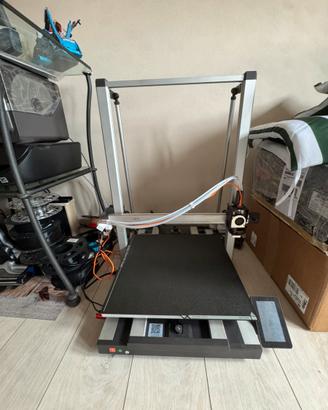 Stampante 3d anycubic cobra 3 max combo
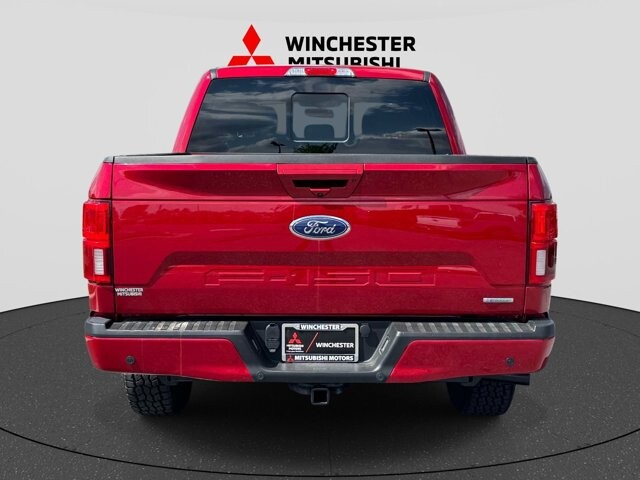 2020 Ford F150 in Winchester, VA 22602 - 18136004 3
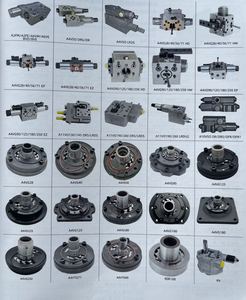 Kit de pompe de charge hydraulique A20VG45 A22VG45 en promotion – Kit de réparation de pompe hydraulique A20VG45 A22VG45 – Vente chaude - Product Image 2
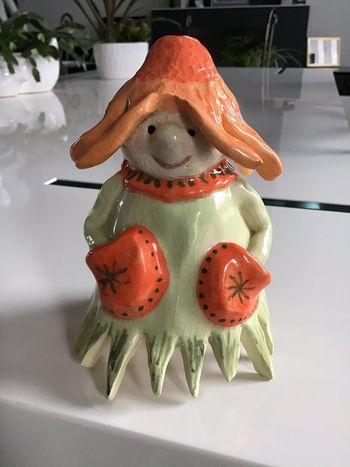 Figurine cucurbitades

▸ **YOUR ASSIGNMENT**
Please give every line above again word for word, apart from the pictures.

▸ **YOUR SOLUTION**
 Stampante 3d anycubic cobra 3 max combo
 2020 Ford F150 in Winchester, VA 22602 - 18136004 3
 Kit de pompe de charge hydraulique A20VG45 A22VG45 en promotion – Kit de réparation de pompe hydraulique A20VG45 A22VG45 – Vente chaude - Product Image 2
 Figurine cucurbitades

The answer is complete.